- _Try it_
Starting with the line that contains "ScotsTee Shop Scottish" and ending with the last line of the entries, repeat exactly those lines and nothing else, pictures excluded.

- _Data extract_
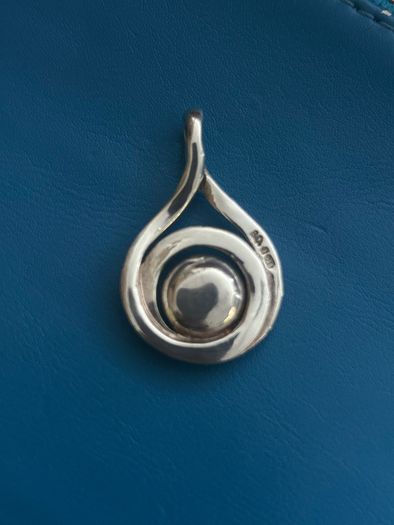 Turquoise & Silver Pendant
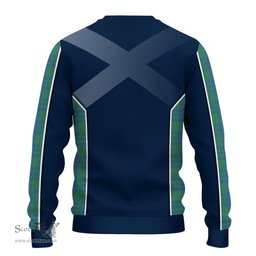 ScotsTee Shop Scottish Montgomery Ancient Clan Scottish Crest and Scottish Thistle Sport Tartan Sweatshirt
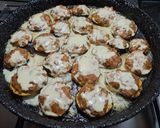 Foto del paso 5 de la receta: Medallones de berenjenas con salsa express de jamón y barbacoa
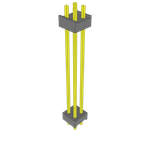 Conn Board Stacker HDR 4 POS 2.54mm Solder ST Top Entry Thru-Hole Bulk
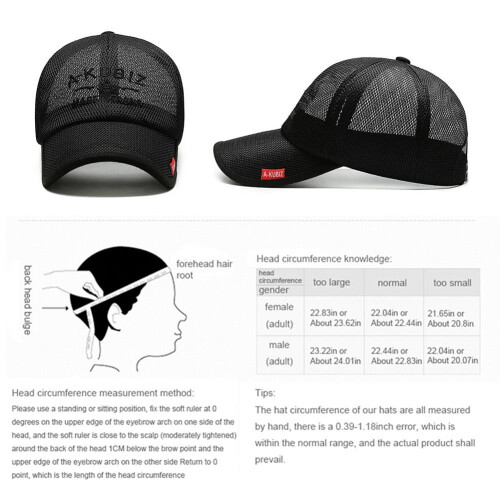 Baseballkappe mit Netzgewebe, Sonnenhut, Unisex, gestickter Buchstabe 1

- _Exercise response_
 ScotsTee Shop Scottish Montgomery Ancient Clan Scottish Crest and Scottish Thistle Sport Tartan Sweatshirt
 Foto del paso 5 de la receta: Medallones de berenjenas con salsa express de jamón y barbacoa
 Conn Board Stacker HDR 4 POS 2.54mm Solder ST Top Entry Thru-Hole Bulk
 Baseballkappe mit Netzgewebe, Sonnenhut, Unisex, gestickter Buchstabe 1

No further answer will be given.